◆ What to produce ◆
The required answer is an exact copy of every line from the beginning of the entries through the line with "Dea Kurniati Putri", with all pictures omitted.

◆ Caption-style text data ◆
******

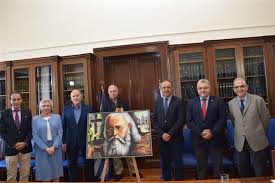 Δεκάδες οπαδοί με ρόπαλα επιτέθηκαν σε παρέα σε καφετέρια. 8essalonikh Ek8esh Zwgrafikhs Toy Ey8ymioy Barlamh Me 8ema Agios Loykas O Iatros Pisth Texnh 8erapeia In Komotini News Eidhseografikh Istoselida Ths Komothnhs Rodophs 8rakhs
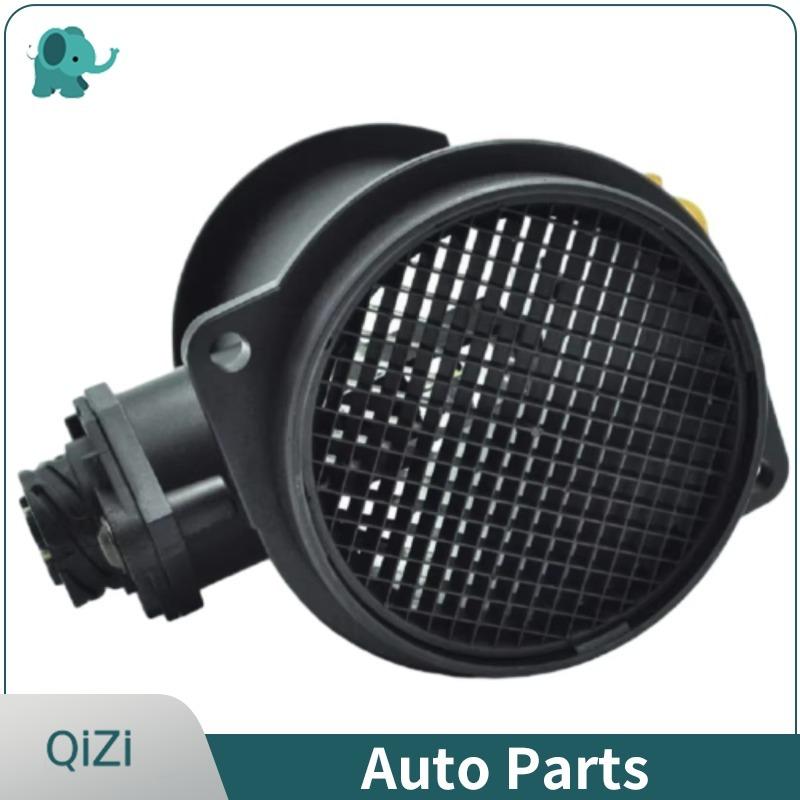 0280217807 0000940748 OE Mass Air Flow Meter Air Flow Sensor For Mercedes Benz W140 W210 S210 C140 CL500 S420 S500 E420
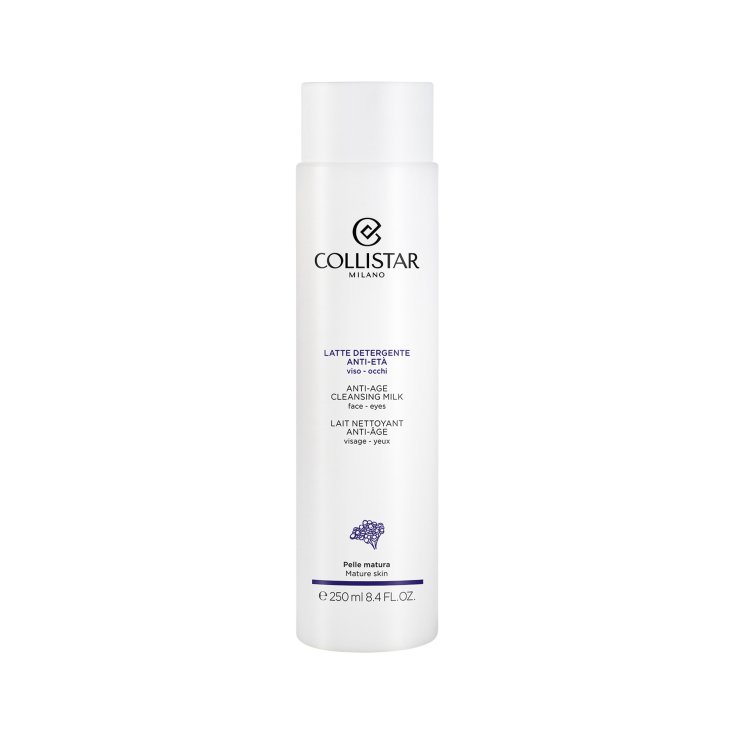 LAIT DEMAQUILLANT HIVER 400ML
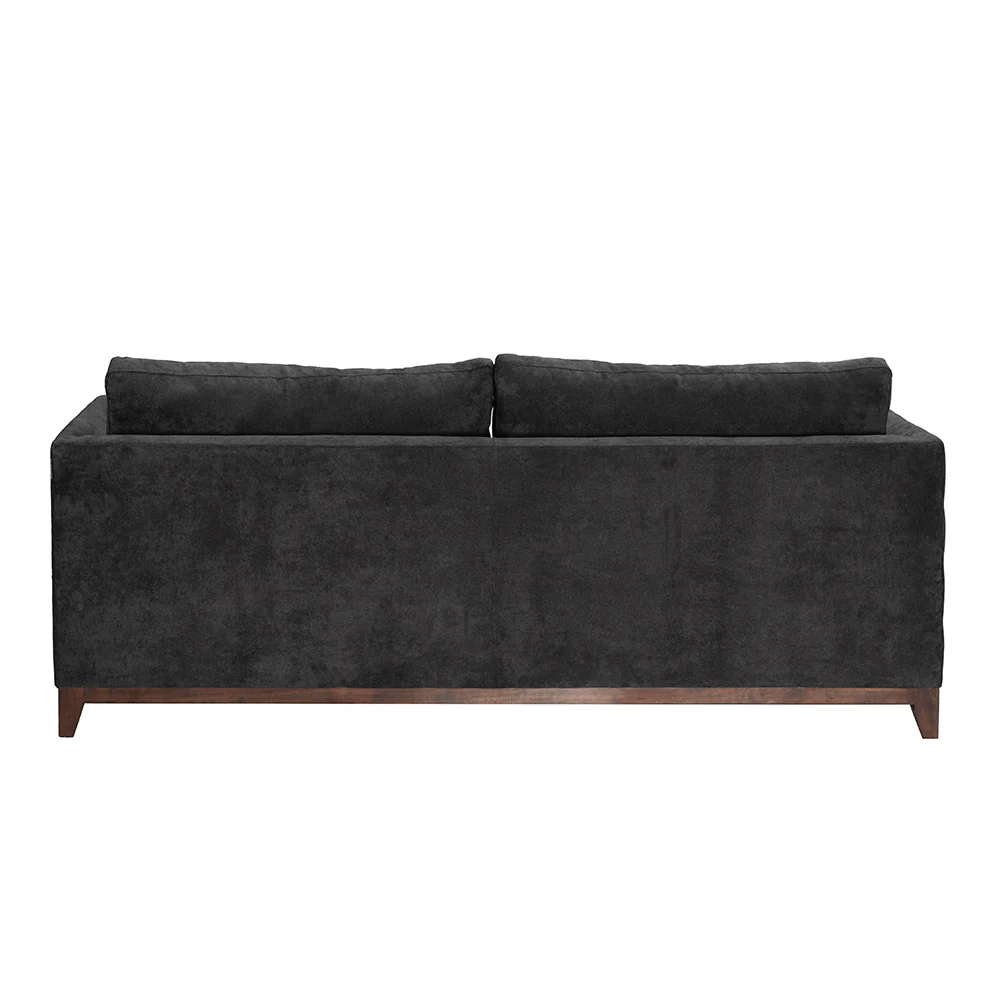 Imagen del producto 193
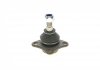 Купить Опора шаровая Solgy 203122 (фото1) подбор по VIN коду, цена 335 грн.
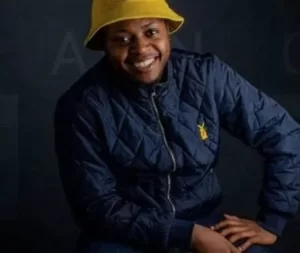 Kelvin Momo – Isikole ft Tyler ICU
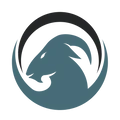 Green Nanny logo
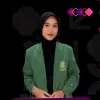 Dea Kurniati Putri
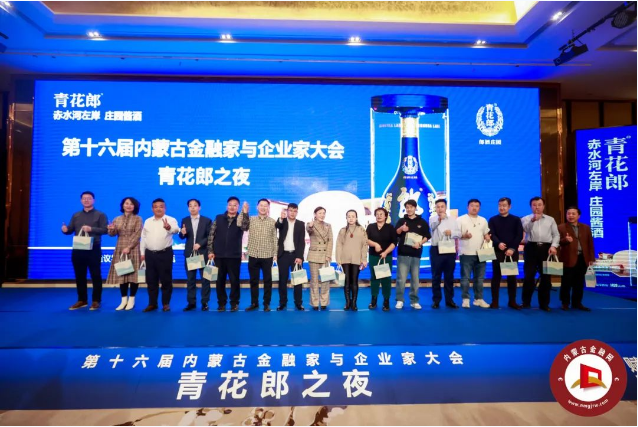 1734067435352946.png image.png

******

◆ Completed task ◆
 Δεκάδες οπαδοί με ρόπαλα επιτέθηκαν σε παρέα σε καφετέρια. 8essalonikh Ek8esh Zwgrafikhs Toy Ey8ymioy Barlamh Me 8ema Agios Loykas O Iatros Pisth Texnh 8erapeia In Komotini News Eidhseografikh Istoselida Ths Komothnhs Rodophs 8rakhs
 0280217807 0000940748 OE Mass Air Flow Meter Air Flow Sensor For Mercedes Benz W140 W210 S210 C140 CL500 S420 S500 E420
 LAIT DEMAQUILLANT HIVER 400ML
 Imagen del producto 193
 Купить Опора шаровая Solgy 203122 (фото1) подбор по VIN коду, цена 335 грн.
 Kelvin Momo – Isikole ft Tyler ICU
 Green Nanny logo
 Dea Kurniati Putri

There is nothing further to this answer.